Big Sur Deluxe
Thursday, February 1, 2007
Ken and Stephanie Lee and their family live on seven-plus acres near Big Sur, where the steeply undulating hills, deeply folded canyons and perfidious cliffs with sheer drops to the surf below are famous. Because there are so few visible homes there, the intense glory of Los Padres National Forest reigns supreme. Small communities tucked around the edges thrive unseen, reached via roads known mostly to locals.
Residents of Big Sur are fiercely protective of the place, and once established, rarely leave. “It’s where you may not realize how much you can rely on your neighbors until the time comes,” Lee says.
The Lees have lived in Big Sur for 15 years, the last three in their house. “We wanted the absolute serenity and to be self-sufficient (spring water storage tank, solar installation, propane gas and a generator for the vacuum and washer). We’re only selling because the girls have graduated (from Captain Cooper Elementary) to the Carmel schools. The commute is too long for them.”
The family lives near the top of Palo Colorado Canyon, approximately 45 minuets from Carmel. Some may describe the house as a cabin despite its two bedrooms, two full baths, “live-in” master closet, den, great room (with wood-burning stove) and nicely-appointed kitchen (with a four-burner-and-griddle Wolf stove).
There’s a gracefully wide deck in front and another off the living room that soars above the pines, madrones and oaks. From there, views in three directions span the rolling profiles of Los Padres that end only when they meet the sky. One suspects the word “cabin” might not work if the house were made of stucco instead of redwood and pine.
The architecture pitches the roof from a standard eight feet at the entry to a peak of 20 feet as it soars above the wrap-around deck that follows the line of the house, a form similar to the wings of a big bird performing a slow, calculated descent. Windows fill the façade and great room with light.
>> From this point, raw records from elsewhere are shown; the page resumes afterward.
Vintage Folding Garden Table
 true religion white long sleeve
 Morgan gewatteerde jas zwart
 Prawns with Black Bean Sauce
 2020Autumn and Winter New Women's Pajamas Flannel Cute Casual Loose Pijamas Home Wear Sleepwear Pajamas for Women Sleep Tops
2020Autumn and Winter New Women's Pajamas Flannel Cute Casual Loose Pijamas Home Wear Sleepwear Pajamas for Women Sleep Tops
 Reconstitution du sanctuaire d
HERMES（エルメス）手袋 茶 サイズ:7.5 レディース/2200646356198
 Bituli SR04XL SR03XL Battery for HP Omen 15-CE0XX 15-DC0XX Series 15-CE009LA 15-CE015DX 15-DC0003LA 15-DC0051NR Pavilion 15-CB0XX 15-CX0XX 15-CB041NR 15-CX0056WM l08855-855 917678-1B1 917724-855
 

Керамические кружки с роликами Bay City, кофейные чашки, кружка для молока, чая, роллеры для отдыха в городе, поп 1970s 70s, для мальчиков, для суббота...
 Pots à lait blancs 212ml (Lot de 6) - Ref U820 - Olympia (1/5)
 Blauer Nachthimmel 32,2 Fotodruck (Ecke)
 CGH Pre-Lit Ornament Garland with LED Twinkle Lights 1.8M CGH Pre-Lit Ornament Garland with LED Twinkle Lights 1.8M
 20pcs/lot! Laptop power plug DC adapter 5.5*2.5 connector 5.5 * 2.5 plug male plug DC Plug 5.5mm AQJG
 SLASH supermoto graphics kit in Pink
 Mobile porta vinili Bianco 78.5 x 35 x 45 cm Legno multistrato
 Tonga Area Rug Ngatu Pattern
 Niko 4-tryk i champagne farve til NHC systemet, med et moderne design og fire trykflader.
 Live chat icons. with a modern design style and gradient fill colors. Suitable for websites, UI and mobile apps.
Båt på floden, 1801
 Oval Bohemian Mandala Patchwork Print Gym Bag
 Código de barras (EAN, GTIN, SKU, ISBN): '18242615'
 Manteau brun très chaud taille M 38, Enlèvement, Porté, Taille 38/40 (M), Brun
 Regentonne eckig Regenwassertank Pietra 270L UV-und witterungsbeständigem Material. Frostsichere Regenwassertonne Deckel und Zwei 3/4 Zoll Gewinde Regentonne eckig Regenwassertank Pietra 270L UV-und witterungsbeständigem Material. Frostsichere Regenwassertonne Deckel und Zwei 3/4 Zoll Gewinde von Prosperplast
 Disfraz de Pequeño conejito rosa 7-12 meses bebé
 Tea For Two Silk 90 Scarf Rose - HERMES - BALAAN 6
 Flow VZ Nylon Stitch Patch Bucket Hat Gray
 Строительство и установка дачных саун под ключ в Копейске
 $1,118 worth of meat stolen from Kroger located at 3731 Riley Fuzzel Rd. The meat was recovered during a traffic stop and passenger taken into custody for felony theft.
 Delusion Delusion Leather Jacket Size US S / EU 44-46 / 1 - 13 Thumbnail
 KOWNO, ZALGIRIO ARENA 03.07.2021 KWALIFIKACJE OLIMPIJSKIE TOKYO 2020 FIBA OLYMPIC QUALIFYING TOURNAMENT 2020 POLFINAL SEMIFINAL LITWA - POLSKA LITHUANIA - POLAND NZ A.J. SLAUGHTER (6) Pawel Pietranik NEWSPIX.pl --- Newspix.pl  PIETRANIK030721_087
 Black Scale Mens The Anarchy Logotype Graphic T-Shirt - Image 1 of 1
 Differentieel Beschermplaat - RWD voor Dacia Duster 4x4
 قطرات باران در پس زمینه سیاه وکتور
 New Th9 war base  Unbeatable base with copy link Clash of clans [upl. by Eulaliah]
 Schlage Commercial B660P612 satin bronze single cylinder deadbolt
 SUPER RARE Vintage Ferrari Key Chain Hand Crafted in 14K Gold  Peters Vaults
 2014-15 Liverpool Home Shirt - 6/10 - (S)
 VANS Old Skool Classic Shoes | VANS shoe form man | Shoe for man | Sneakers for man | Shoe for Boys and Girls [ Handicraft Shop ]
“The moonrise here is unbelievable,” says Lee. In addition to numerous big windows in every room, seven skylights offer pearly brightness to them all, even in the master closet and the pantry (with built-in workstation and wine rack).
“The house was built 34 years ago, and we’re only the third owners,” Lee says. They bought it from the Hills, who lived there a long time. Mr. Hill graciously donated some of his refined watercolor paintings to the house, where they hang in several rooms.
“There seems to be a natural attraction to this area by people who want acres of privacy and tranquility,” Lee says. “In fact, this den was Mr. Hill’s painting studio.” The den, one bedroom and one bath are on the opposite side of the house from the master suite, offering privacy inside as well as out.
The quality detailing in the house is the best of Big Sur styling. The front door is heavy redwood (with screen) and locks via a horizontal slab that slides into a carved latch. On the outside, a dried gourd is cross-pinned at the top of the door and serves as the knocker. Interior door handles, drawer pulls and even towel racks are made of a piece of branch just right for each purpose.
Though the house is not luxurious in the ordinary sense, it’s imbued with the utter luxury of being at one with the natural world, perhaps even immune to the harsh realities found elsewhere.